Problem description: Look below for the lines from the one with "Kuva 7: 大洗の眺望抜群なコンテナハウス" to the one with "El Duque del", and copy exactly those lines, both ends included.

Dataset:
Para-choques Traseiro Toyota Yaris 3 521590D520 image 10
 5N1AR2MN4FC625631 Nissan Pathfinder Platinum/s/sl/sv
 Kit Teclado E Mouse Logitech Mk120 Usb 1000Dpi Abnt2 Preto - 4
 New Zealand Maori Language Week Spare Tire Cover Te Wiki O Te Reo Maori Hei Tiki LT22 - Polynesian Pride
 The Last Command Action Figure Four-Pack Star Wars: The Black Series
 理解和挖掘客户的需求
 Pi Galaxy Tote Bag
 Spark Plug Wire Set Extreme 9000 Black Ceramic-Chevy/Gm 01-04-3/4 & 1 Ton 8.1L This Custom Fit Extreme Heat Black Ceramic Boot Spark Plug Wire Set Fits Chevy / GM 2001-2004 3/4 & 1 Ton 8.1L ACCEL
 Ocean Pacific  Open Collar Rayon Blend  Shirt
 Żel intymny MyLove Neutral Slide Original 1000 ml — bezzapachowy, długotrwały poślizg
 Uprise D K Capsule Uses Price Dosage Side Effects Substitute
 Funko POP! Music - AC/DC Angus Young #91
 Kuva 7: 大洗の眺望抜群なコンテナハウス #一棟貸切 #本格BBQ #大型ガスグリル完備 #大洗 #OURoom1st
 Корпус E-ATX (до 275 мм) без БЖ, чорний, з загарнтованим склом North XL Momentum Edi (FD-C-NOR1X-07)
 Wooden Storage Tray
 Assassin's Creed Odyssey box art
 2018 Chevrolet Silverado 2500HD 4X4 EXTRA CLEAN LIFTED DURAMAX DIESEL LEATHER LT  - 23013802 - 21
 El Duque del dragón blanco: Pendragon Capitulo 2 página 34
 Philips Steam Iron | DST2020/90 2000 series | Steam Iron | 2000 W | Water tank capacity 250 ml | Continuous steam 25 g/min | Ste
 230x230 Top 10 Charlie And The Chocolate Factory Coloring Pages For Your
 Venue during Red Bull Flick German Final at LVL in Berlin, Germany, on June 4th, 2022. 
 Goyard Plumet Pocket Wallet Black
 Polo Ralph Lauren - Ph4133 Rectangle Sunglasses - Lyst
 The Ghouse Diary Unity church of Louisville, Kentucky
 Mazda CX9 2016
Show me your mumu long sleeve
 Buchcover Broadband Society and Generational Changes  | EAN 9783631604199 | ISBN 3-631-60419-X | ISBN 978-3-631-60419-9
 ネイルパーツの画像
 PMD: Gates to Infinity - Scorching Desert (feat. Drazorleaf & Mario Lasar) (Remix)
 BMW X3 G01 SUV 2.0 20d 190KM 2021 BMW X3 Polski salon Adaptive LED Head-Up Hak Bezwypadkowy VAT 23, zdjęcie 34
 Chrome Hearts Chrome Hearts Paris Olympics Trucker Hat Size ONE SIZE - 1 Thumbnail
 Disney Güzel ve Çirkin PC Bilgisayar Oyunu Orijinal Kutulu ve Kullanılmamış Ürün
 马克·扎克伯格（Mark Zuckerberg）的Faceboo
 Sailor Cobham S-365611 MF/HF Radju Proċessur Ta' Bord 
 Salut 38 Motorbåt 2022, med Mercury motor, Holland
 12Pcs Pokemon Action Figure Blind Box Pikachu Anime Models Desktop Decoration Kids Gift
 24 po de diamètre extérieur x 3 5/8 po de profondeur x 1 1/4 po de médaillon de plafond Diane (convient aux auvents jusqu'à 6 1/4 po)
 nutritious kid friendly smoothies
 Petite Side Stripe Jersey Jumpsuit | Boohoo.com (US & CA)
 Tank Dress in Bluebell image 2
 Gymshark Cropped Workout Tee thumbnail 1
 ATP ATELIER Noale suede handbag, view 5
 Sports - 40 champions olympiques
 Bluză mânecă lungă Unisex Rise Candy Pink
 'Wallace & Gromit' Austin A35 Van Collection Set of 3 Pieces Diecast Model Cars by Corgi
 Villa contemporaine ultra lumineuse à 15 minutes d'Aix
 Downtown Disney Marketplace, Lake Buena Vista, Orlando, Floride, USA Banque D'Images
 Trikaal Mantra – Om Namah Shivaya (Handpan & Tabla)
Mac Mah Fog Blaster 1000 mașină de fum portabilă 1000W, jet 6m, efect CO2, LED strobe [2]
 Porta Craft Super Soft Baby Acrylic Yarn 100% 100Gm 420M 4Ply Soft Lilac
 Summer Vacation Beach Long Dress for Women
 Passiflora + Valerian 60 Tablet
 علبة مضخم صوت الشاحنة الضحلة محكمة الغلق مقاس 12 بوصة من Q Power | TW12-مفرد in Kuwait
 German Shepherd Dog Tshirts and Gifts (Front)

Solution for this task:
 Kuva 7: 大洗の眺望抜群なコンテナハウス #一棟貸切 #本格BBQ #大型ガスグリル完備 #大洗 #OURoom1st
 Корпус E-ATX (до 275 мм) без БЖ, чорний, з загарнтованим склом North XL Momentum Edi (FD-C-NOR1X-07)
 Wooden Storage Tray
 Assassin's Creed Odyssey box art
 2018 Chevrolet Silverado 2500HD 4X4 EXTRA CLEAN LIFTED DURAMAX DIESEL LEATHER LT  - 23013802 - 21
 El Duque del dragón blanco: Pendragon Capitulo 2 página 34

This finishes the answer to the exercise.